> [Dataset content]
##############################

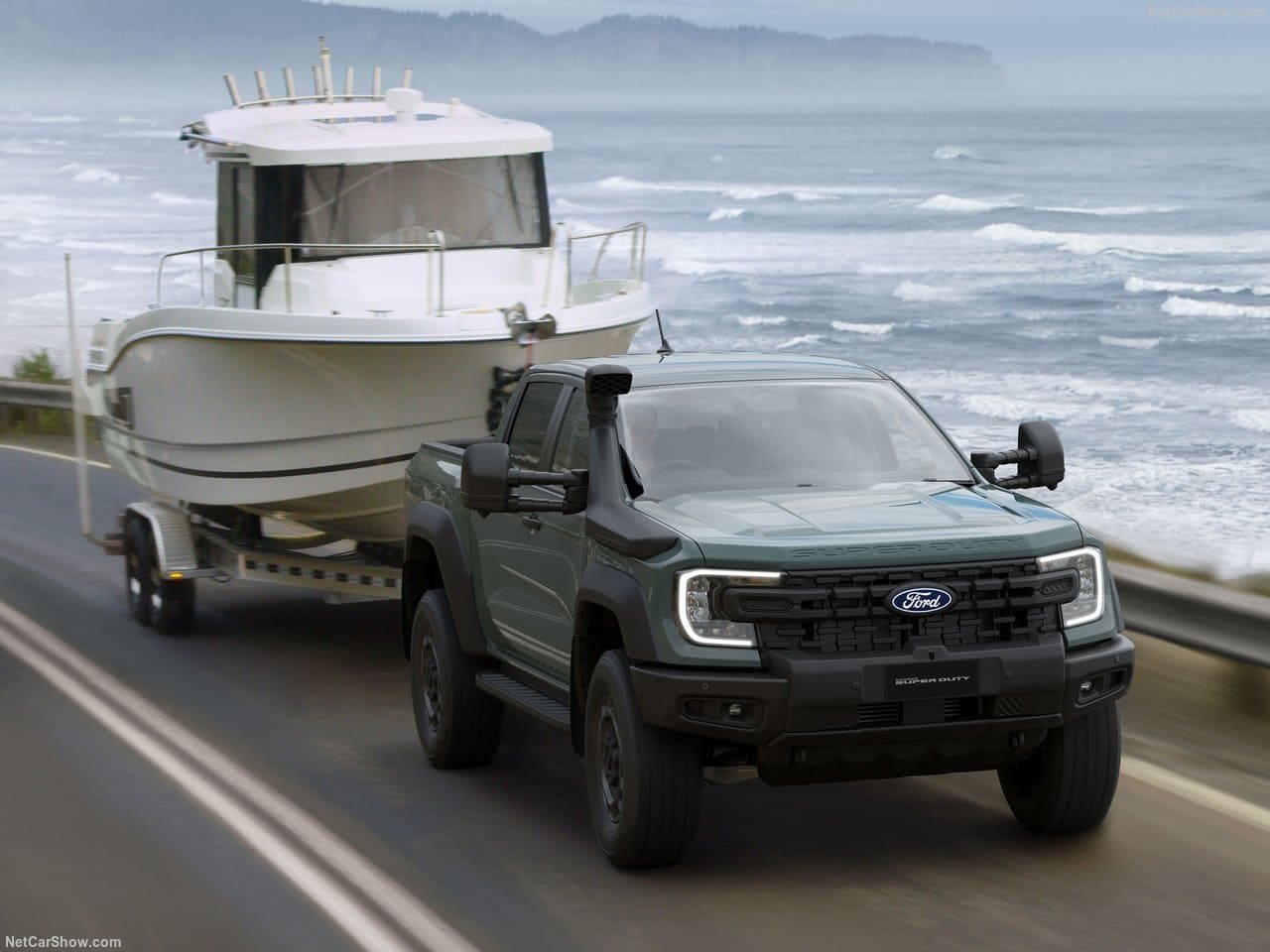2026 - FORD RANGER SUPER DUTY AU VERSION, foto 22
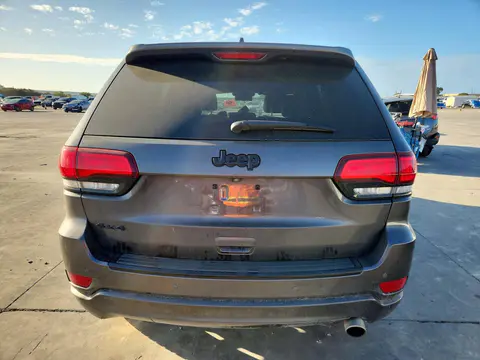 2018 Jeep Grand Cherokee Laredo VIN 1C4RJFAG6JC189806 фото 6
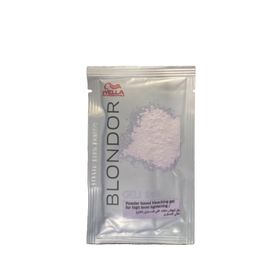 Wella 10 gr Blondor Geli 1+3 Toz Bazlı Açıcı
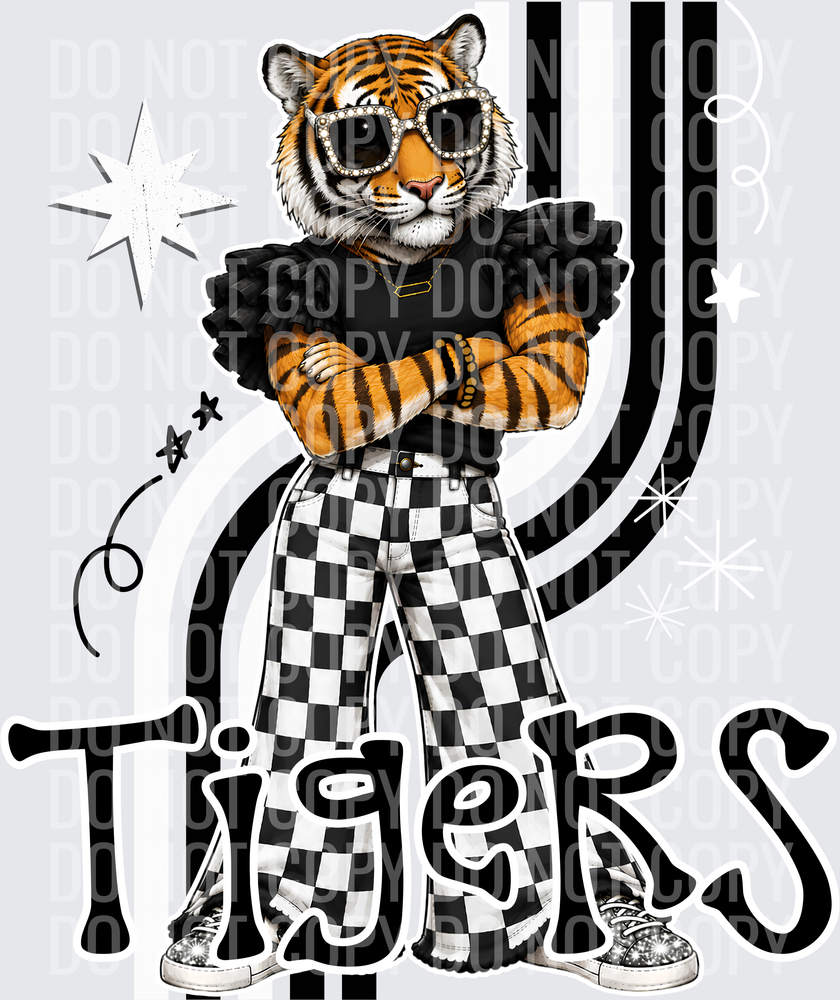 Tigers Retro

##############################

> [Exercise objective]
Repeat the listing above verbatim, but exclude the pictures it contains.

> [Written response]
2026 - FORD RANGER SUPER DUTY AU VERSION, foto 22
 2018 Jeep Grand Cherokee Laredo VIN 1C4RJFAG6JC189806 фото 6
 Wella 10 gr Blondor Geli 1+3 Toz Bazlı Açıcı
 Tigers Retro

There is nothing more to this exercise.